Zentralbanken als wichtige Stütze am Markt
Allerdings hielten sich Finanzanleger bei der bisherigen Preisrallye eher zurück. Hinter dem Boom der Anlageklasse stand bislang vor allem ein Goldrausch in China, wo sich Anleger angesichts von Immobilienkrise und Aktienschwäche auf das Edelmetall stürzten. Auch andere große Länder wie Indien, wo Goldschmuck traditionell beliebt ist, halten die physische Nachfrage hoch. Als entscheidende Stütze gelten zudem Goldkäufe von Zentralbanken, die das Edelmetall als stabile Reservewährung betrachten.
Große Finanzmarktakteure wie Hedgefonds und börsennotierte Indexfonds (Exchange Traded Funds, ETFs), die massenhaft Geld verwalten, blieben hingegen lange auf Distanz. Aus Gold-ETFs zogen Investoren laut Statistik des Finanzdienstes Bloomberg über einen Zeitraum von drei Jahren unterm Strich Mittel ab, erst seit Juni verbuchen sie im Schnitt wieder Zuflüsse. Sollte die Fondsindustrie in Anbetracht der US-Zinswende im großen Stil Geld umschichten, könnte dies den Goldpreis weiter hochtreiben.

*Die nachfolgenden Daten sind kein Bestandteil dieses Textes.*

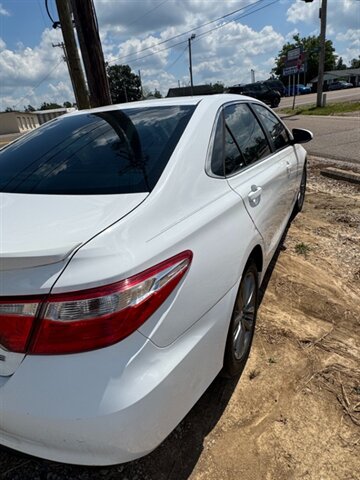 2015 Toyota Camry SE - Photo 6 - Savannah, TN 38372-9999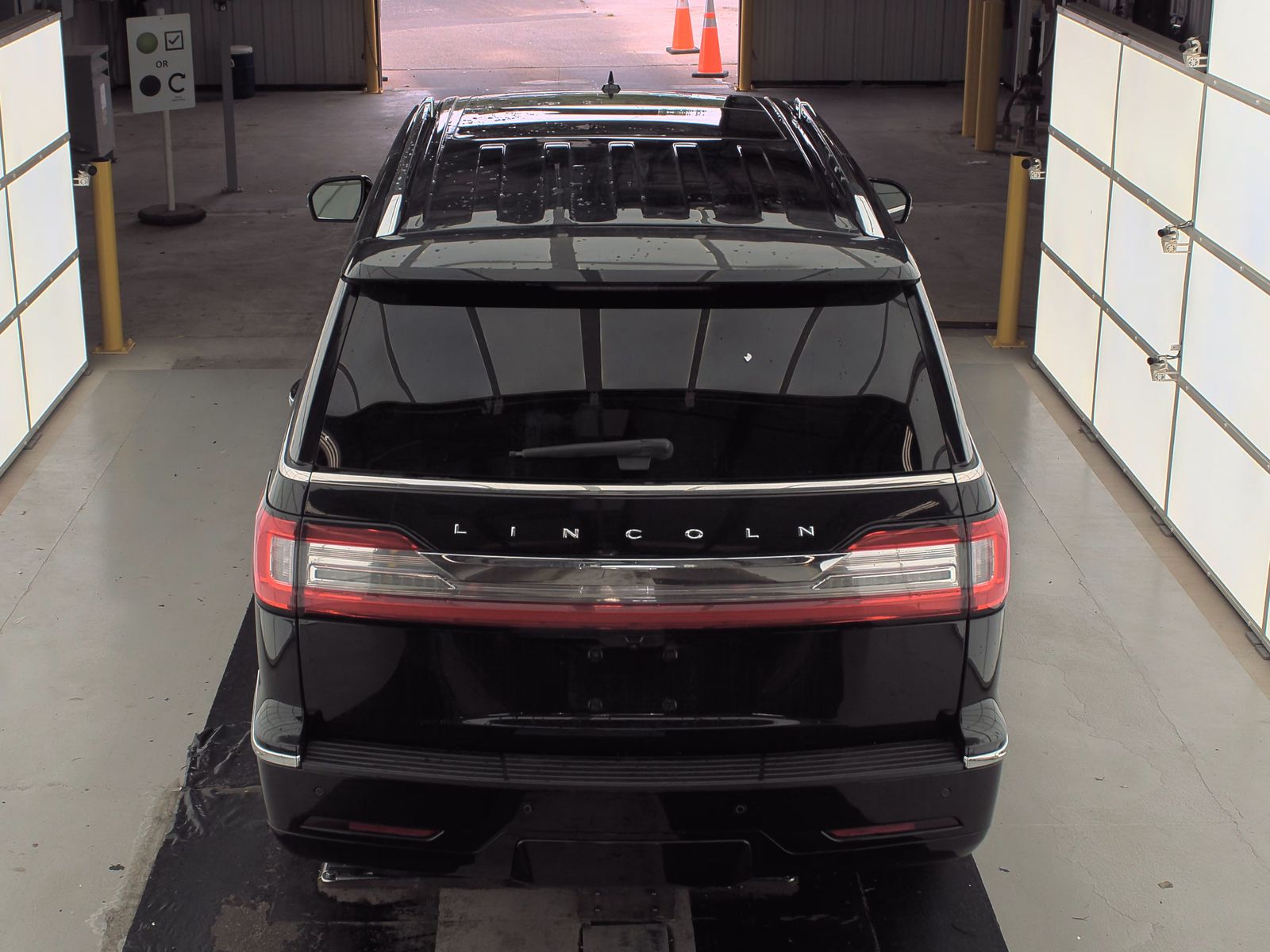 2020 Lincoln Navigator Reserve RWD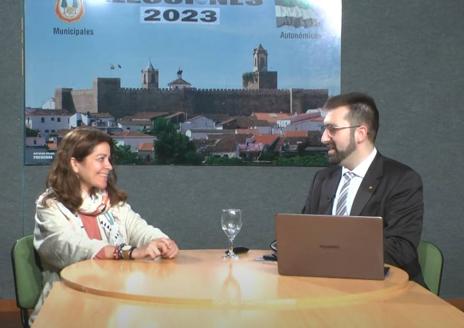 Imagen secundaria 1 - Tina Rodríguez, alcaldesa de Fregenal, entrevistada por Alberto Márquez en TVF tras conocerse los resultados de las elecciones locales.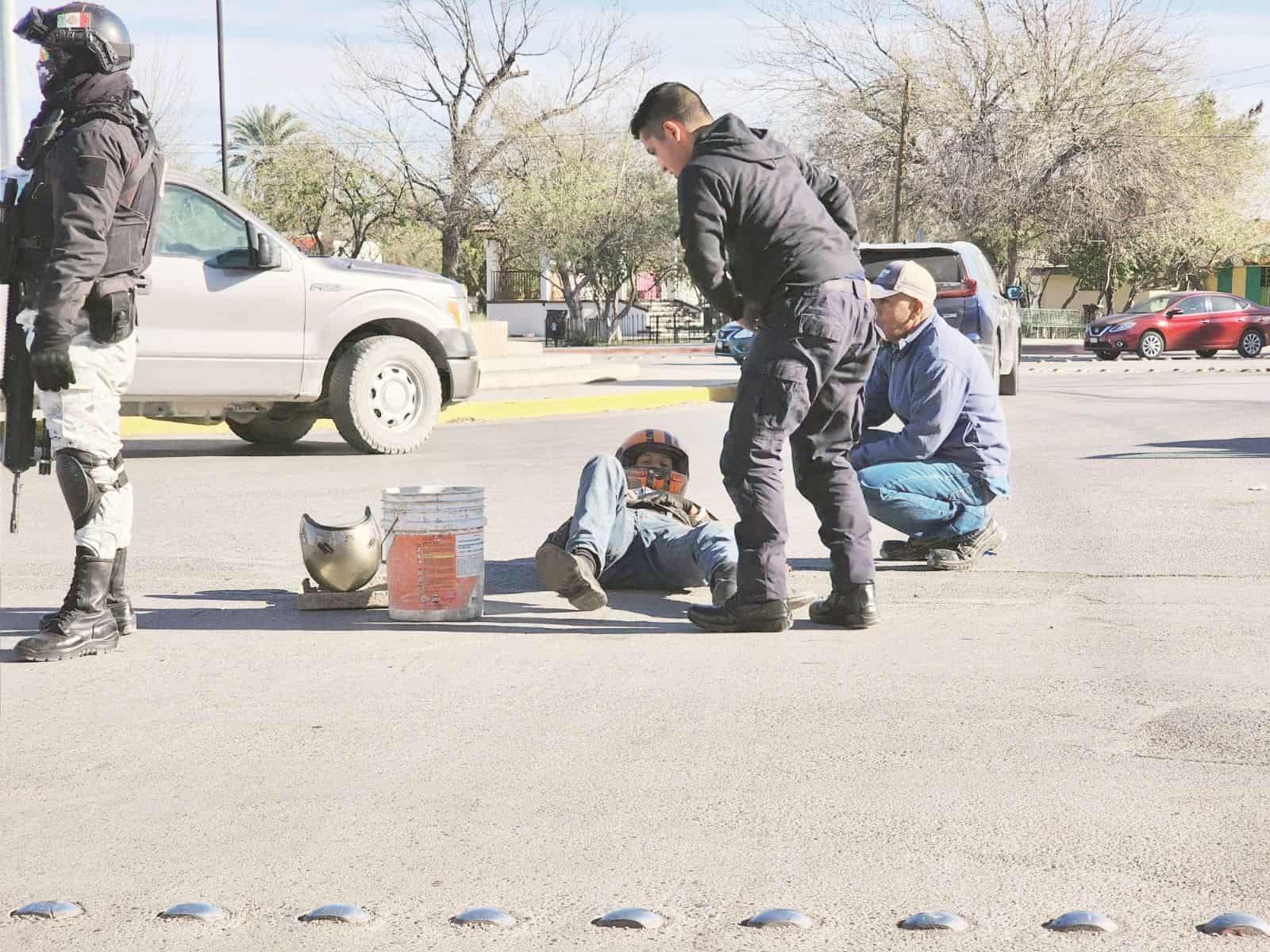 Se rompe pierna al chocar auto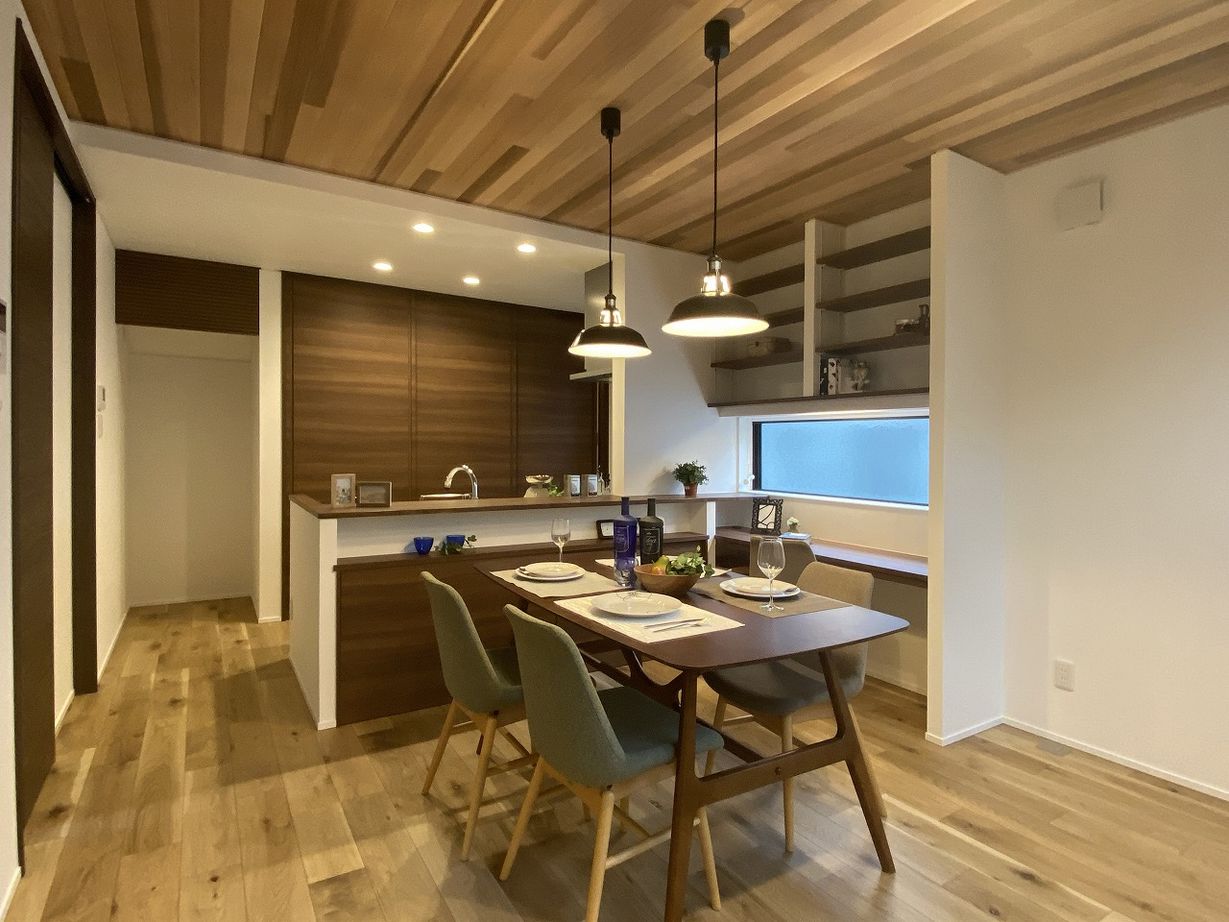 アンドクリエイト スクエア型のスタイリッシュな外観とモダンインテリアが美しい家の建築実例画像3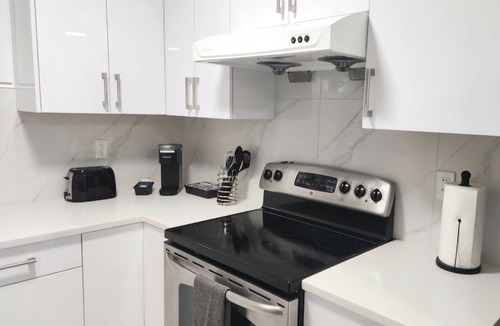 East Side Apartment | East Van Suite/King bed/Short walk to Sky Train & Commercial Dr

Auch in Deutschland zeigten sich Fondsanleger von der Gold-Hausse zunächst unbeeindruckt. Nach Daten des Analysehauses Barkow Consulting beliefen sich die Nettoabflüsse deutscher Gold-ETFs im ersten Halbjahr 2024 auf rund 1,8 Milliarden Dollar (1,61 Milliarden Euro). Bereits 2023 lagen sie mit 4,7 Milliarden Dollar auf Rekordniveau.
Angesichts der historischen Höchststände des Goldpreises bezeichnen die Marktforscher die Entwicklung als „erstaunlich“. Jedoch könnte sich auch hier eine Trendwende abzeichnen – im Mai und Juni gab es laut Barkow immerhin schon wieder minimale Zuflüsse. Andererseits dämpfen die hohen Preise die Nachfrage nach physischem Gold. Im zweiten Quartal sank sie dem Branchenverband World Gold Council zufolge auf den tiefsten Stand seit fast drei Jahren, besonders die Schmucknachfrage schwächelte.
Nur als Beimischung im Portfolio empfohlen
Verbraucherschützer raten bei Gold generell zur Vorsicht. Sie warnen vor Preisschwankungen, hohen Gebühren und Währungsrisiken. Bei physischem Gold seien Lager- und Versicherungskosten zu beachten, bei Fonds oder Zertifikaten Emittentenrisiken. „Investieren Sie nur einen kleinen Teil Ihres Vermögens in Gold, um die heftigen Schwankungen des Goldkurses durch andere Geldanlagen wie Aktien oder Immobilien abzufangen“, rät die Verbraucherzentrale. Seriöse Finanzberater empfehlen Gold meist nur als Beimischung im Portfolio.